### TASK
Your output must hold every entry exactly as written and none of the pictures.

### DATA EXCERPTS
- - -
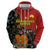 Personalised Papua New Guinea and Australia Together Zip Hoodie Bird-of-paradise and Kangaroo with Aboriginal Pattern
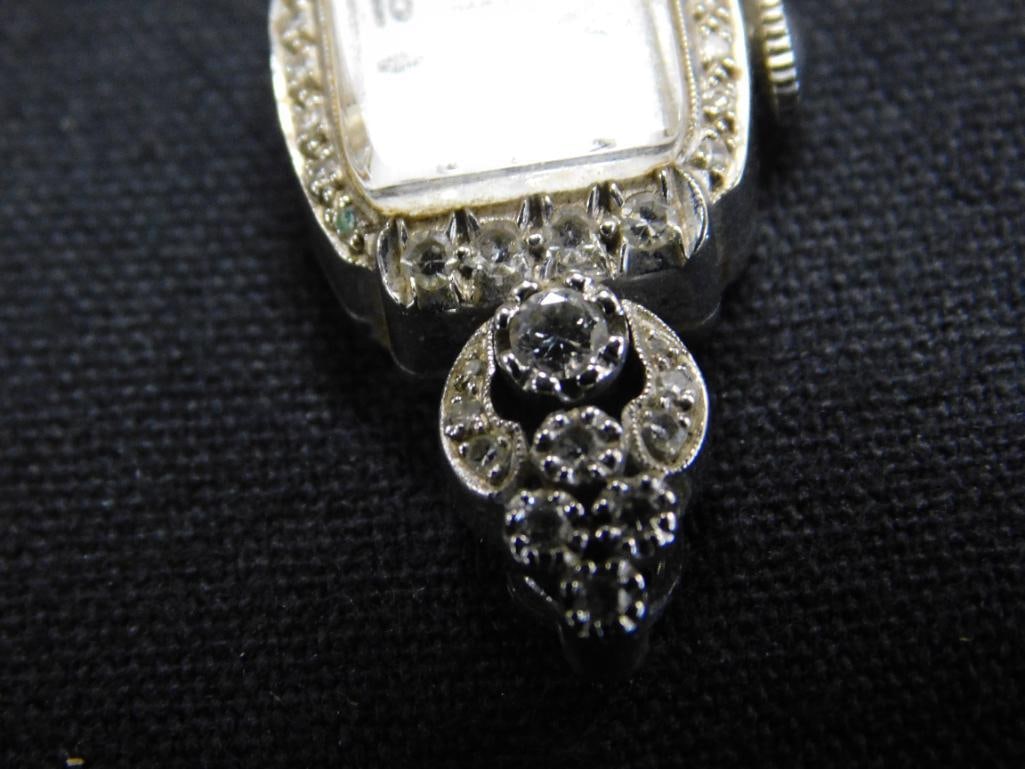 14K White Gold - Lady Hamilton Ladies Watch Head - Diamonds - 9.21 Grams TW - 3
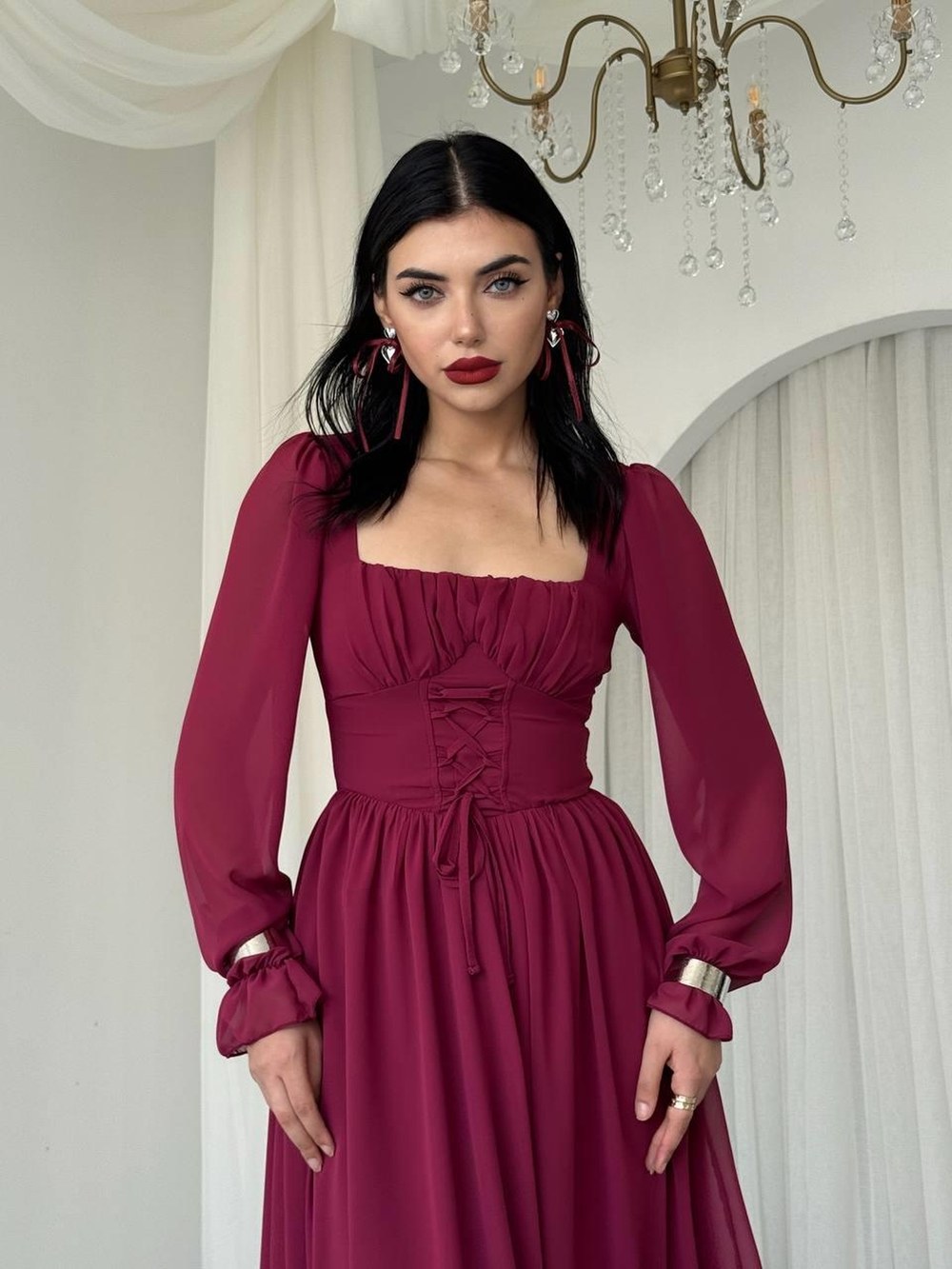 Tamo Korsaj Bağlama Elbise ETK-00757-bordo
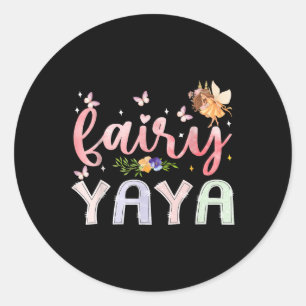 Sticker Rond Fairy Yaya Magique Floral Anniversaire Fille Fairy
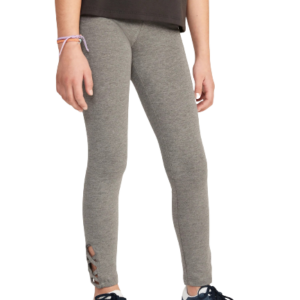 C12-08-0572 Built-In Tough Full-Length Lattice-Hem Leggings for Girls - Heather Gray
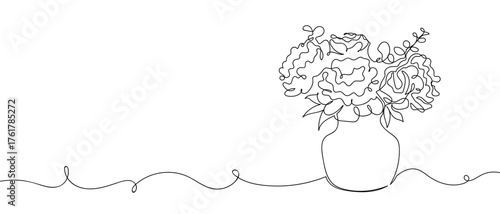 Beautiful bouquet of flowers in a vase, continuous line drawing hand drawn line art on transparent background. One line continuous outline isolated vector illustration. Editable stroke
- - -
### FINAL ANSWER
 Personalised Papua New Guinea and Australia Together Zip Hoodie Bird-of-paradise and Kangaroo with Aboriginal Pattern
 14K White Gold - Lady Hamilton Ladies Watch Head - Diamonds - 9.21 Grams TW - 3
 Tamo Korsaj Bağlama Elbise ETK-00757-bordo
 Sticker Rond Fairy Yaya Magique Floral Anniversaire Fille Fairy
 C12-08-0572 Built-In Tough Full-Length Lattice-Hem Leggings for Girls - Heather Gray
 Beautiful bouquet of flowers in a vase, continuous line drawing hand drawn line art on transparent background. One line continuous outline isolated vector illustration. Editable stroke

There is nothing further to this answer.